Emoji vectors and optimization. Oh my! (Part 2: Npy files in the browser)
In Part 1, I discussed how to implement a somewhat simple emoji searcher in Python. But Python (especially once you start having to install libraries like numpy) isn’t that portable. What if we could do this in the browser? That’s what this post is going to be all about!
From the methods of the last post, I saved the files good_vocab.txt
(a list of all the words in the pared-down word2vec model), and good_weights.npy
(the word vectors of the model). I’ll also save the mapping
variable to mapping.json
(which will have the word -> emoji mappings).
(async () => {
const mapping = await (await fetch('mapping.json')).json()
const vocab = (await (await fetch('good_vocab.txt')).text()).split(' ')
const weights = await (await fetch('good_weights.npy')).arrayBuffer()
})()
I’m using the fetch library here because, well, it makes the code very simple. The mapping gets parsed into a dictionary (technically object) of emoji descriptor words -> emoji characters, the words from the model as a string that gets parsed, and the weights as an ArrayBuffer
(since it wouldn’t parse as UTF-8 or any other encoding).
And in the network panel, we see this little beauty:
16 seconds to fetch a file! From localhost! I wouldn’t even dare think of how slow this would be over the internets.
Chunking the input
To alleviate this, I’ll divide the weights file into chunks. At any given time, all we need are the word vectors for the emoji words and the word being searched up. So I’ll make one file for the emoji word vectors, and then divide all the vectors by the first letter of the word they correspond to.

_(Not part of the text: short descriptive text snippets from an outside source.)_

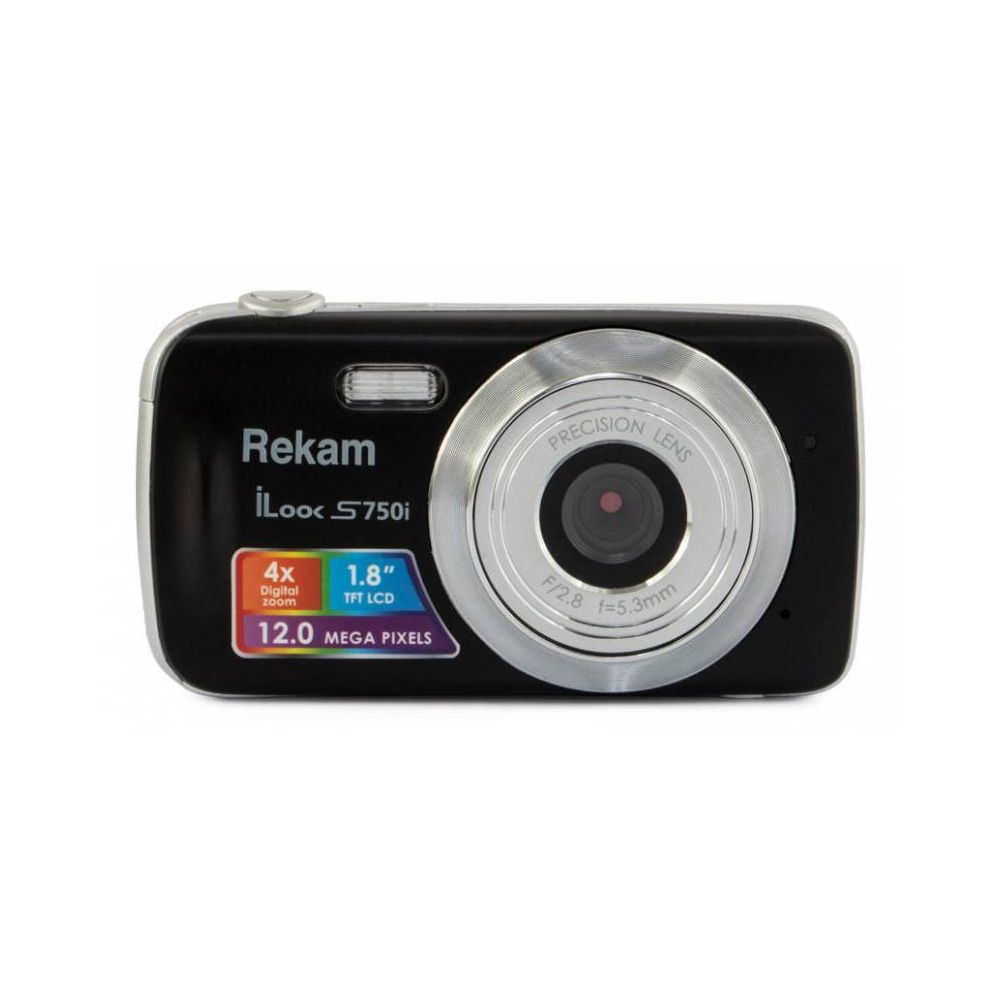 Цифровой фотоаппарат Rekam S750i чёрный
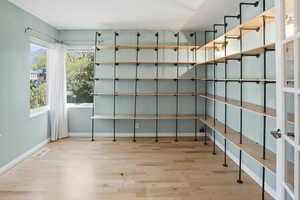 View of storage room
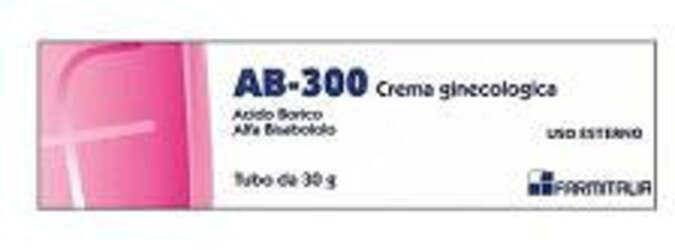 Ab 300 crema ginecologica 1%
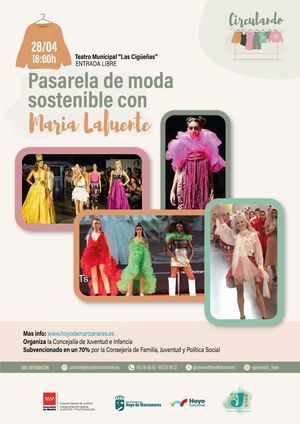 La moda circular y sostenible llega a Hoyo de Manzanares con el desfile de María Lafuente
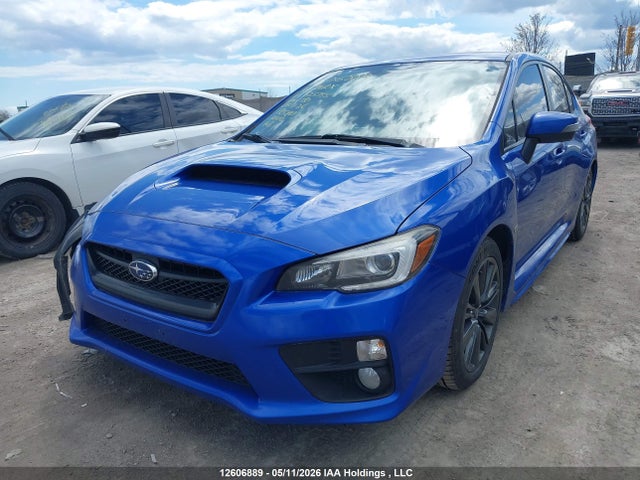 JF1VA1G63G9825755 Subaru Wrx Limited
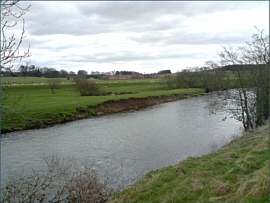 River Annan at Applegarth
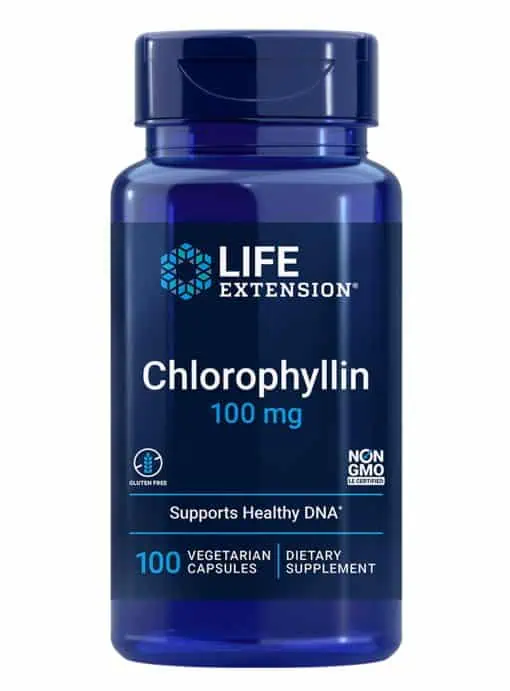 Chlorophyllin Potent antioxidant & DNA health support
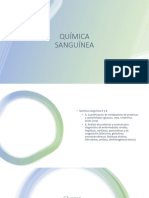 Química Sanguínea y Pruebas de Laboratorio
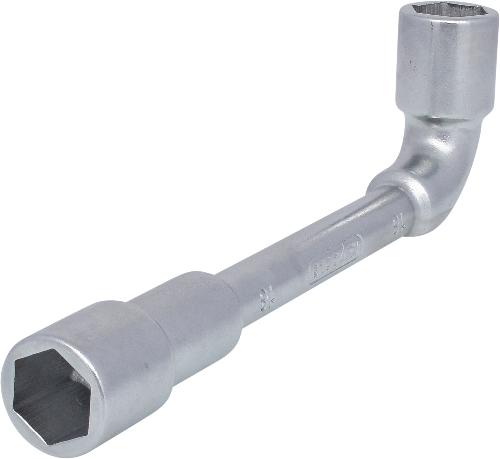 KS TOOLS ULTIMATEplus Doppel-Steckschlüssel mit Bohrung, 18mm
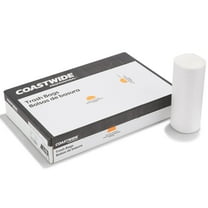 Staples Coastwide Professional AccuFit 44 Gallon Trash Bag 37" x 50" Low Density 1.3 mil Clear 100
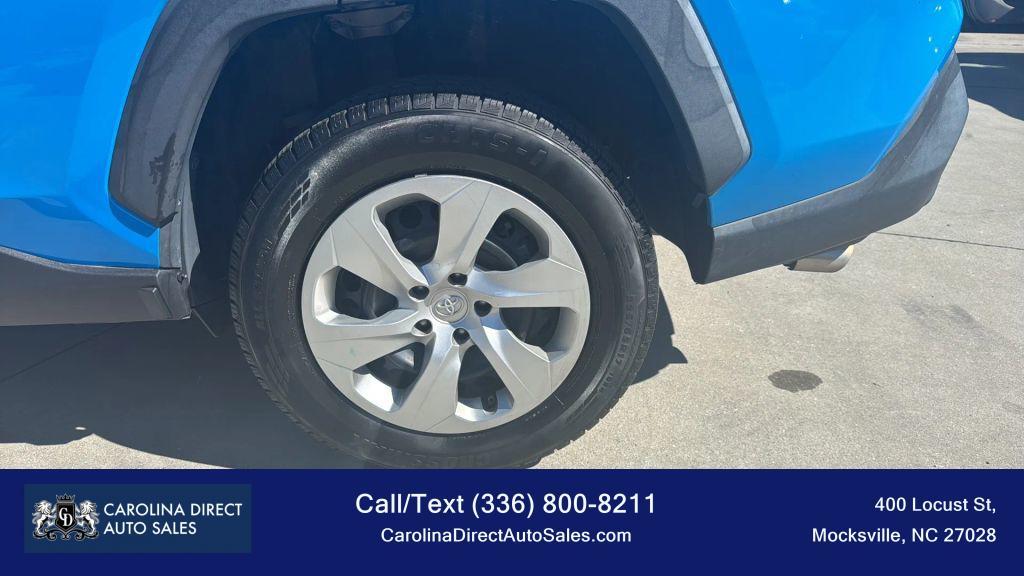 used 2020 Toyota RAV4 car, priced at $18,444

At the same time I’ll also divide the vocabulary in this manner
That will give data/emoji.npy
(emoji word vectors) and data/emoji.txt
(emoji words); data/dat-a.npy
(word vectors for words starting with a
or A
) and data/dat-a.txt
(words starting with a
or A
), etc. etc.
This gives smaller files, but dat-s.npy
measures 55 MB! That’s still a lot. My data plan would not be pleased. I’ll use the same process to make three-character files (so aaa
, aab
, aha
, etc.)
Here’s the Python script in case you were interested (variables carried over from previous post):
from itertools import permutations
# Write the two emoji data files
with open('data/emoji.txt', 'w') as f:
f.write(' '.join(emoji_words))
np.save('data/emoji.npy', emoji_norms)
# Make an array of the first, second, and third letters
# If a word has only one letter, make the second letter a space (so it goes in `a .txt`)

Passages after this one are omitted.